When I turn on the computer in the morning, one of the first things I do is review yesterday’s stats. Sometimes I’ll check to see where the views are coming from. When I find something unusual, I track it back to learn more.
This morning I saw an unusual referrer. Not wanting to give attention to the original domain, I’ve changed the name, but I’ve left the sub-directory and file name in tact. The referring url looked something like this: fictitiouswebsite.com/tools/scraper.php. Naturally I followed the link back to the original site and saw several less than above board looking tools, one of which is the URL scraper.

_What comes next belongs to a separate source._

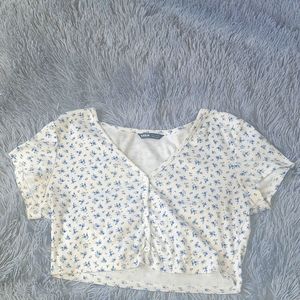 Medium,shein, white and blue floral shirt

URL Scraper, what a suspicious sounding name. Why would someone want to scrape my URL? Even more basic than that, what the heck does a URL scraper do? Naturally, this caused me to go off on a URL Scraper tangent.
Why URL Scrapers?
URL Scrapers are used as a shortcut to locate blogs with high page ranks and “do-follow” links. Once the blogs are located, the individual/individuals performing the scrape post comments (aka spam) on the blogs in an attempt to get link juice from the do follow links (I wrote an explanation of do follow vs. no follow in an earlier post ). I was amazed at the sophistication found on some of these scraping utilities. Here’s promo text taken from one scraper tool
…search engine scraper which can be trained to harvest URL’s from virtually any website that has a search feature. It may be a simple WordPress blog with a search feature that you want to harvest all the URL’s from on a particular keyword or number of keywords, or a major search engine like Google, Bing or Yahoo.
Here’s more text:
As you may know many sites and search engines don’t like numerous requests from the one IP address, so the harvester has a number of options for connecting via numerous different proxies every connection it makes.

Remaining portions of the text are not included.